In summary we waited a good 5 minutes after the due time before the receptionist rang the taxi firm. As it was a Saturday night, getting through took a while. She asked about our taxi. The replies seemed a bit vague. She asked the taxi firm to ring back with precise information; that took a while. The clock was definitely ticking!! The ensuing conversation in German, which I understood, was not encouraging. Her comment was that the taxi should keep coming but we would also look for alternatives. This was her crucial mistake. She should have either handed me the telephone or on my behalf insisted that the nearest taxi was diverted immediately to collect us as we had a long distance train to catch & time was running out.
It is hard for me to describe the next half hour. It was pouring with rain. My husband stood at a nearby relatively quiet intersection, in the middle of the road, attempting not to give in to desperation, & trying to flag down any rare taxis, to no avail.
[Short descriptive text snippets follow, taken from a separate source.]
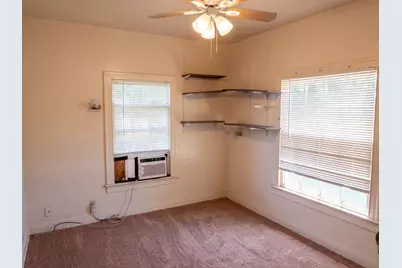 704 E Austin Avenue, Round Rock, TX 78664 - Photo 10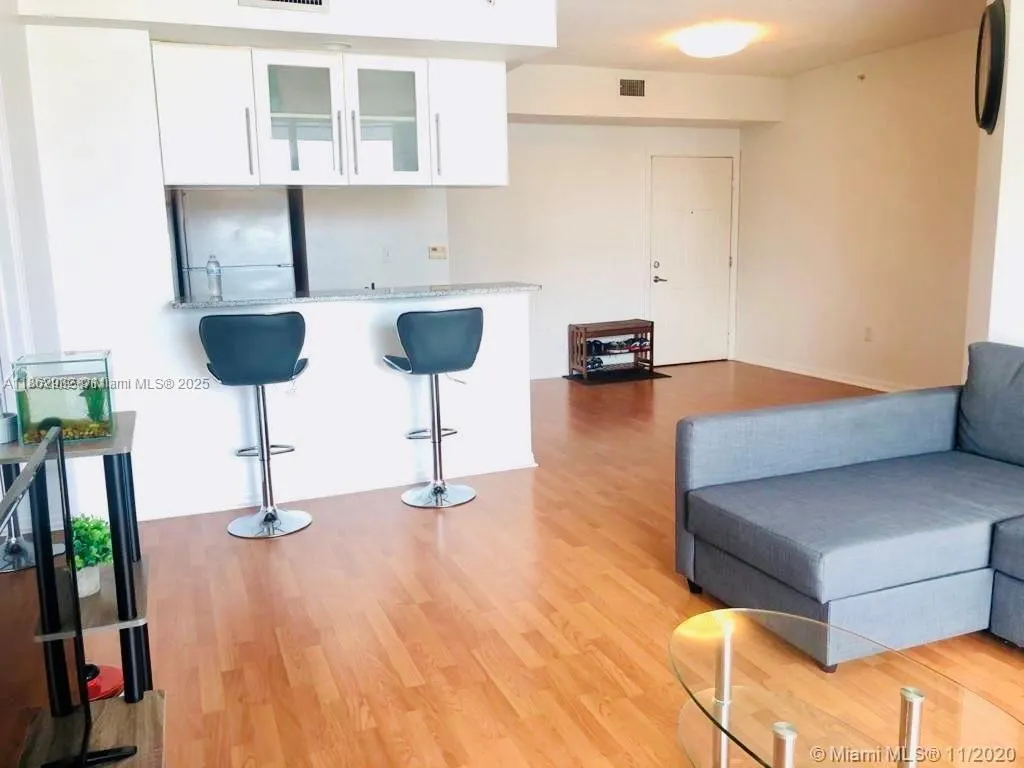 275 NE 18th St, #1105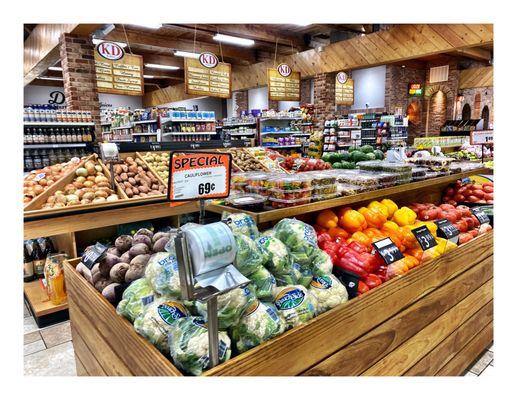 Fresh Produce @ KD Market. Schiller Park, IL  High Quality Polish Deli Grocery Bakery Imported European Good Liquor & Beer .Cool!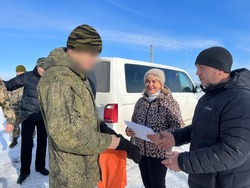 Губкинские депутаты доставили гуманитарную помощь военнослужащим 
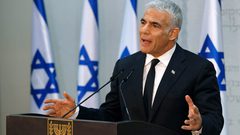 لابيد: اتفاق ترسيم الحدود مع لبنان ضربة كبيرة لحزب الله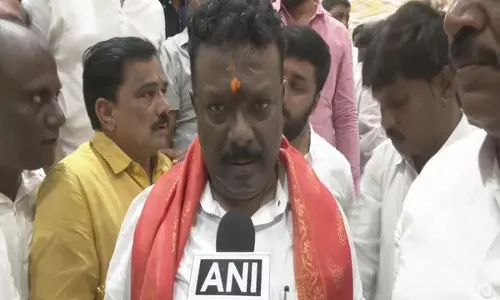 समाज और पार्टी की सेवा करने का अवसर: MLC के रूप में शपथ लेने के बाद बीआरएस नेता दासोजू श्रवण कुमार समाज और पार्टी की सेवा करने का अवसर: MLC के रूप में शपथ लेने के बाद बीआरएस नेता दासोजू श्रवण कुमार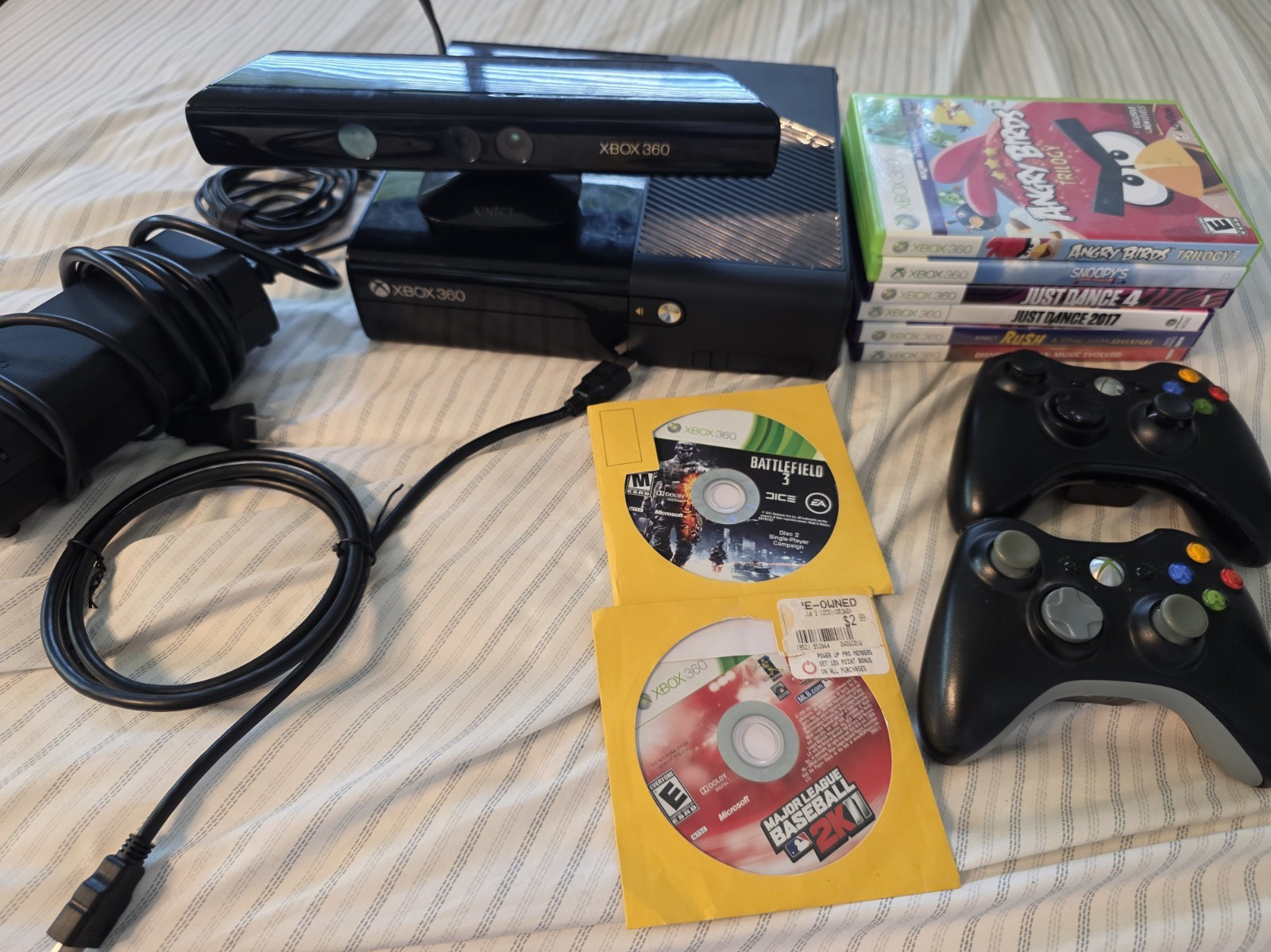 Xbox 360 E Bundle – 8 Games, Kinect, 2 Controllers, 256GB, All Cables Included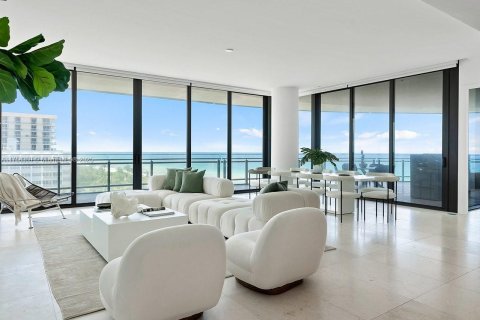 Condominio en venta en Miami Beach, Florida, 3 dormitorios, 207.45 m2 № 1707381 - foto 1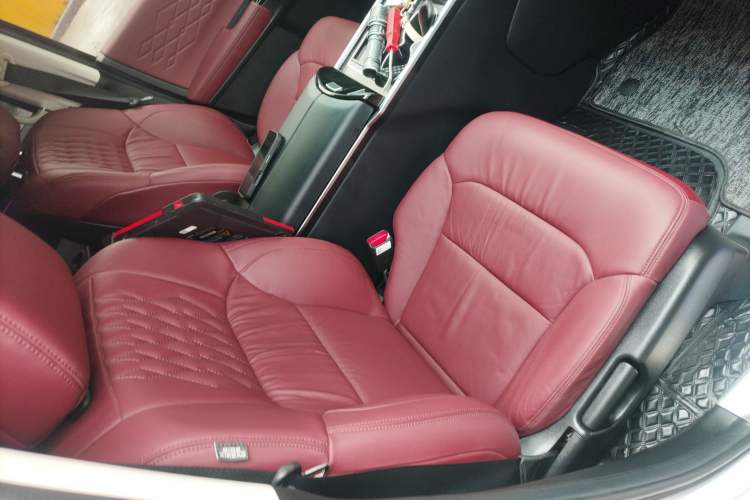 Used Honda Elysion 2022 2.0L eHEV Prestige Edition
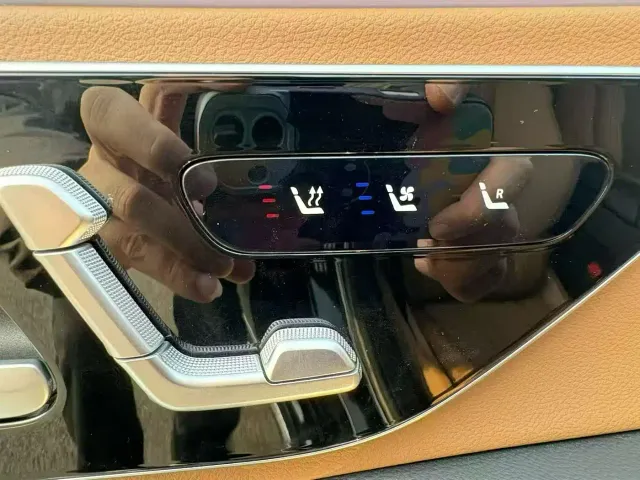 Mercedes-Benz E-Class — Фото автомобиля 8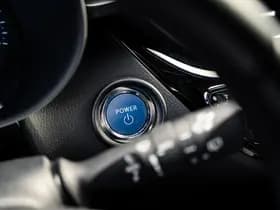 Toyota C-HR 1.8 Hybrid Advance Automaat | Adaptieve cruisecontrol | Dodehoek detectie | Achteruitrijcamera | Stoelverwarming | Parkeersensor thumbnail 17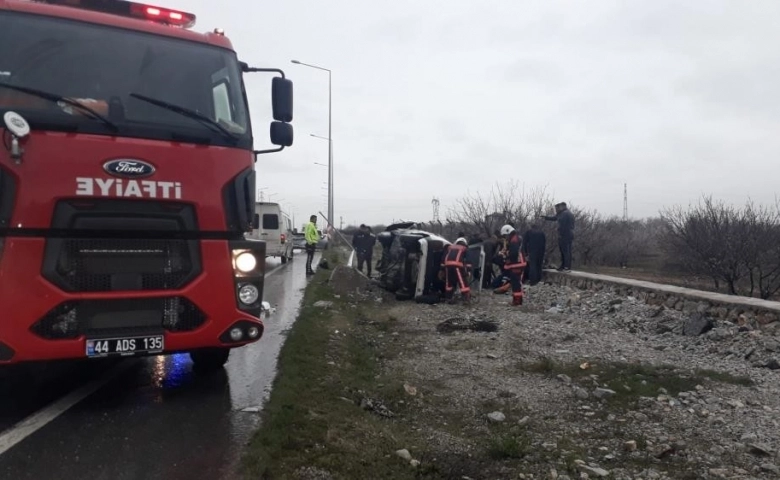 Kontrolden çıkan otomobil bariyerlere çarptı : 3 yaralı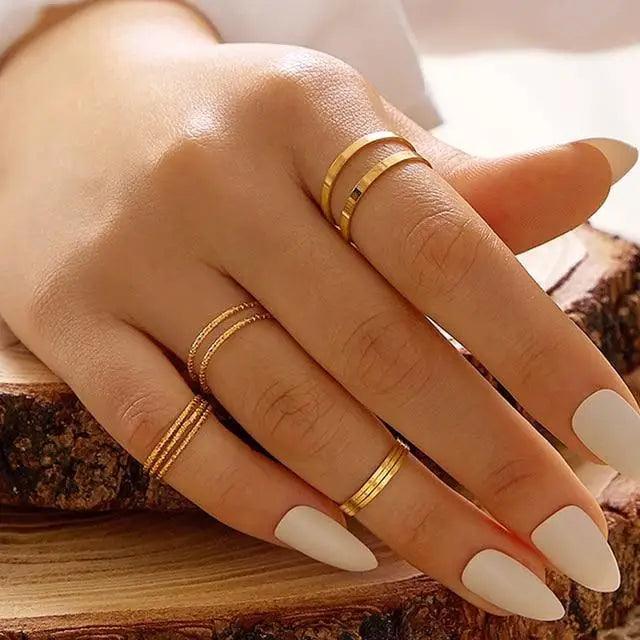 Shiny Gold Wide Chain Rings Set For Women And Girls Crystal Round Rings Vintage Style Female Party Jewelry - 4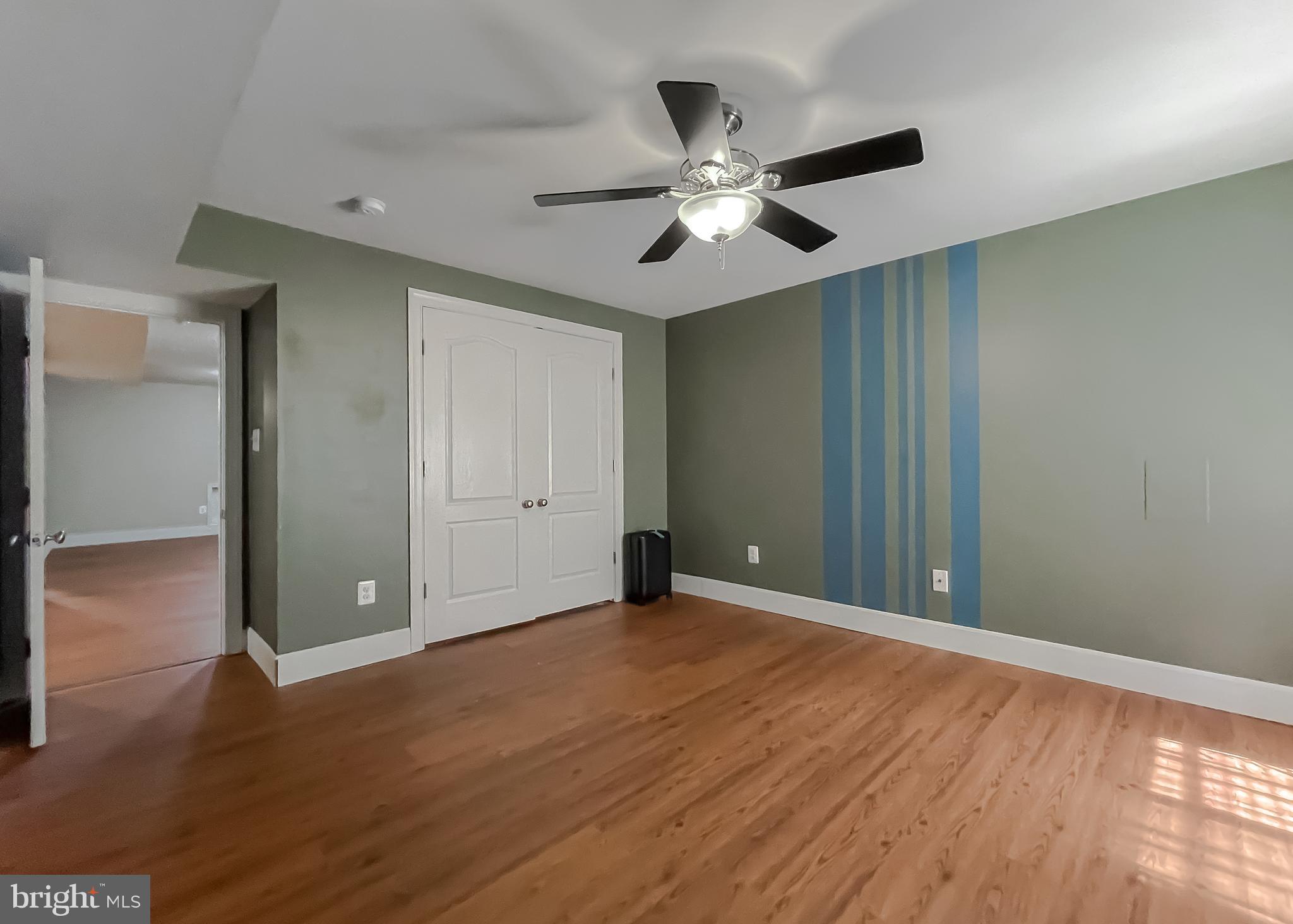 LEONARDS GRANT - Residential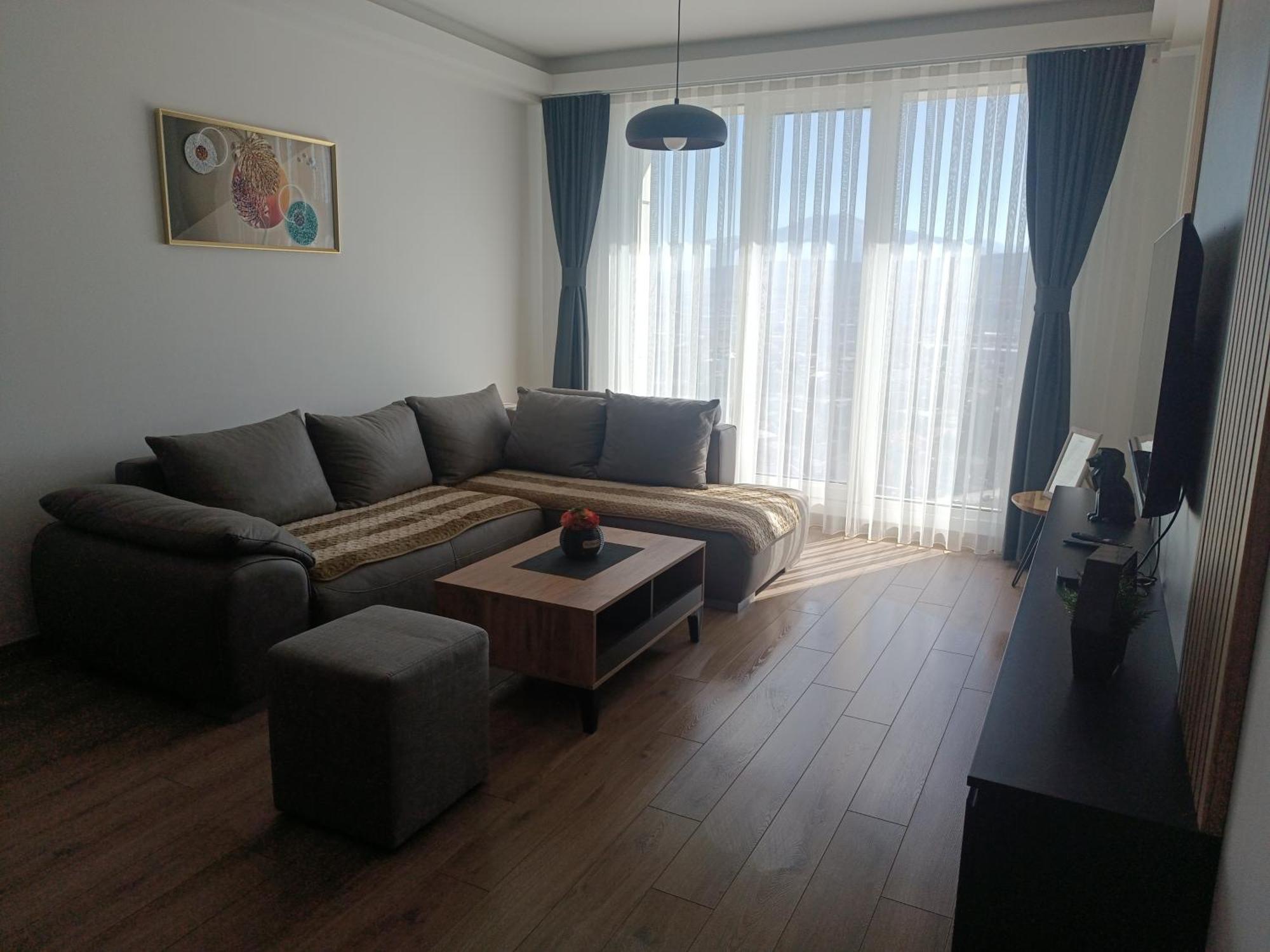 18Th & 16H Floor Secure Luxury Condos With Pool & Fitness Included In Price Skopje Exterior photo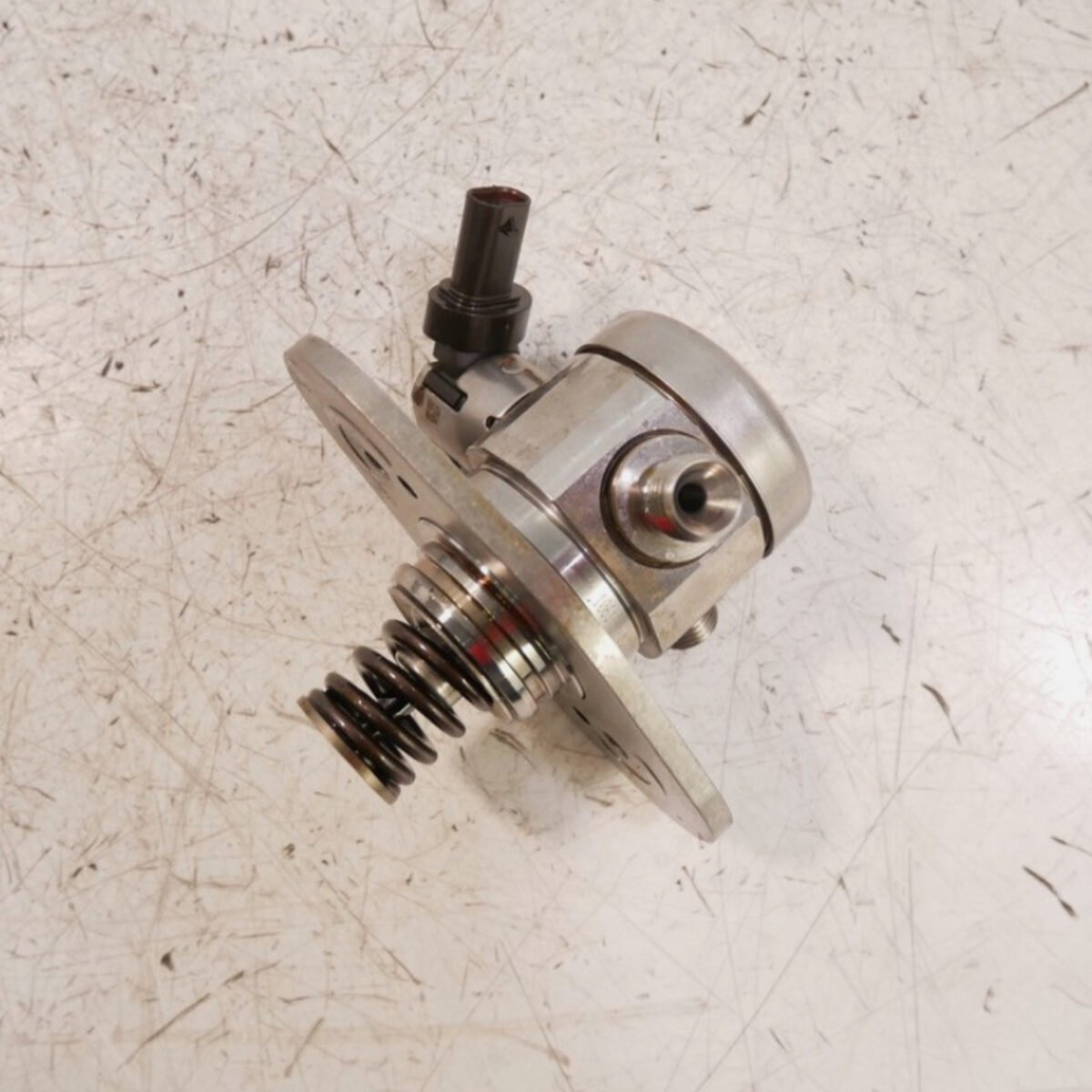 Fuel pump for 2021 BMW 5 Series G30 4.4 M5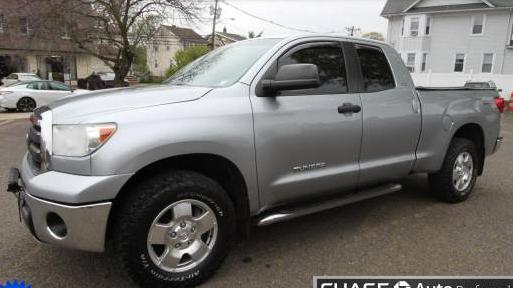 TOYOTA TUNDRA 2011 5TFUM5F15BX018670 image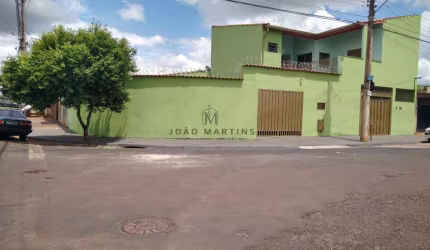 Casa / Sobrado para Venda em Ribeirão Preto, Parque dos Pinus, 5 dormitórios, 1 suíte, 2 banheiros, 4 vagas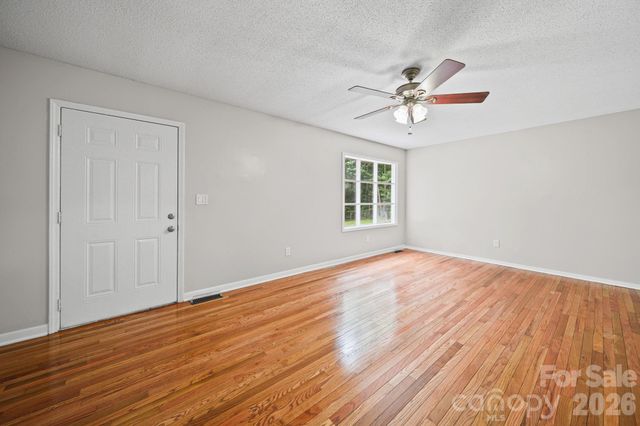 5719 Lewis Road, Gastonia, NC 28052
The receptionist, having given up ringing any other taxis almost instantly saying it was a busy Saturday evening, stood outside the hotel under a huge umbrella – gallic shrug all but visible looking for a non-existent taxi.
I stood with our luggage by reception, looking again at the timetable to check when the train stopped at the Sudbahnhof – now our only hope - & finally went out in the rain, and tantamount to ‘hijacked’ an ordinary motorist who had the misfortune to park outside, my German breaking down under the strain of our situation. I won’t go into the details here – there really is plenty more, including the eventual € 50 bribe my husband resorted to. We finally drew up to the Sudbahnhof at a 3rd attempt as each car-entrance was blocked by building work, and ran like demented soaked dervishes into the side entrance of the station where there were of course no boards to indicate where our train was due to draw in any second NOW!!!!
So this was really a near disaster, made worse as we knew there’d have been no beds in Berlin that night. My husband felt that as the booking was made by the hotel – we assumed with the company they always used – the Arco management would at the very least express real regret at our unfortunate experience, and hopefully be the conduit for some form of complaint to the taxi firm; my husband felt he had a right to demand our € 50 back.
On our return I sent Herr Osterloh one simple sentence asking for a comment on our unpleasant experience. He didn’t even bother to reply. My husband then typed a full email spelling out how he felt. The tone of the eventual reply really shocked us; the opening sentence was: ‘there is still high season and some guests can be quite demanding, so we are really busy at the moment.’ What does this mean? That most guests are a time-consuming pain? That they don’t have time for a courteous reply? That really it was us who had been unacceptably ‘demanding’? It ended with this disclaimer: ‘.we are not responsable (sic) for a taxi driver or the service of the agency.’ Surely if the hotel books using their regular firm & a customer is SO badly let down, the hotel can be a vital intermediary in these circumstances, without taking full responsibility. Saying that: ‘Apart from that Mrs. M had done, what she could do and said (sic), what was to say. She complained to the agency and advised you to do the same.’ Just saying ‘that’s not very good’ over the phone doesn’t count as a complaint in my book. This is tantamount to a brush off – it is very hard to complain in another language from far away!!
So yes by all means use the Arco for all the reasons indicated on Trip Advisor [I decided to click 'recommend to a friend' with the following proviso] but be aware the owners live quite far away, have no car to help in an emergency & are not inclined to go the extra mile during or after a serious mishap!! There is an underlying attitude to guests as time-consuming inconveniences that makes me feel justified in including this sad ending to our stay as part of my review.